CAIRO: The National Bank for Development (NBD) introduced two new Islamic banking products last week: sukuk, a debt instrument, and yosr murabaha, a personal finance tool.
Since the acquisition of 49 percent of NBD’s stock by the Abu Dhabi Islamic Bank (ADIB) in 2007, NBD has been transitioning to Sharia-compliant financial services.
Prior to ADIB’s buyout, NBD had experienced significant problems, including losses and debts which ADIB agreed to purchase. ADIB will acquire majority stock in the bank once it achieves full Islamic compliance.
The bank’s Managing Director and CEO Nevine Loutfy explained that last year saw extensive infrastructural development as NBD’s extensive branch network came online under a new IT system approved by ADIB’s Sharia advisory board.
NBD also began offering Islamic savings accounts, current accounts and murabaha – what would translate to loans in non-Islamic finance – for car purchase.
The new sukuk plan – comparable to a certificate of deposit (CD) account in non-Islamic banking – allows individuals and companies the option of a one-year sukuk plan, while previously only three- to five-year plans were offered.

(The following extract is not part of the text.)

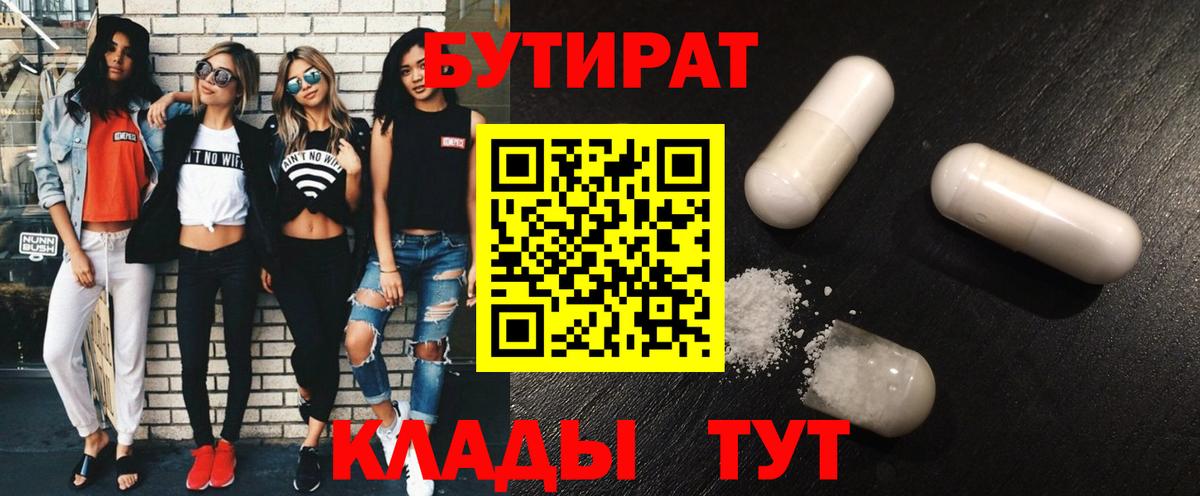 Бутират бутандиол  Вход с VPN  Киров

With a minimum of LE 1,000 and no maximum, a client can earn 7 to 7.5 percent profit annually. Each month, profits from investments made by the bank with the money are sent to the client, and the initial amount returned at the end of the year.
The contract between bank and client is based on a wakala, a Sharia-compliant agreement stipulating that should profits not meet expectations, the contract is not null.

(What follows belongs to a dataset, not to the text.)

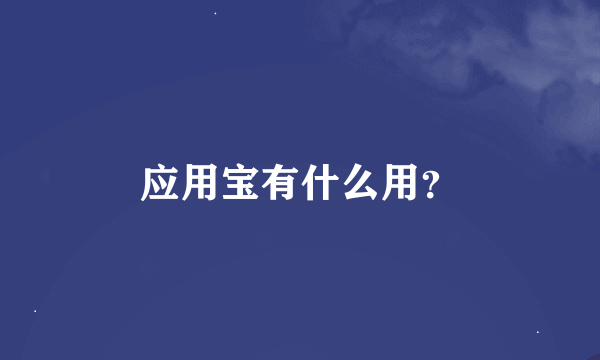 应用宝有什么用？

NBD also announced yosr murabaha, a personal finance instrument allowing an NBD customer to receive an amount of LE 10,000 to LE 200,000 to finance personal transactions, then repay the money over a period of 12 to 60 months.
The new personal finance product also carries “takaful insurance to continue meeting installments in case the client should pass before the sukuk’s fulfillment.
NBD will soon offer ijara, or Islamic leasing, through a subsidiary company.
Loutfy explained that the bank will offer the product itself after approval from the Central Bank of Egypt (CBE).
Amal El-Saied, NBD’s head of retail banking; Zuhair Idris, chief operating officer at NBD; and Anil Kumar, consumer business head of the NBD also attended the announcement of the new products.
Since joining NBD in August, Kumar has witnessed its rapid transformation to full Sharia-compliance. Asked about the extent of the transition, he replied, “NBD is not starting from scratch, the products and services are already present and can be made into Sharia-compliant variants. It just takes time.
In his role as Consumer Business head, Anil Kumar is also responsible for the bank’s microfinance products. NBD is the largest provider of microfinance among Egypt’s financial institutions, excluding NGOs.
“We’ve been in the microfinance business for 17 years, and are the most prominent in the market. In the last year or so we have introduced Sharia-compliant microfinance, both murabaha [microcredit] and musharika, [comparable to short-term joint-venture financing].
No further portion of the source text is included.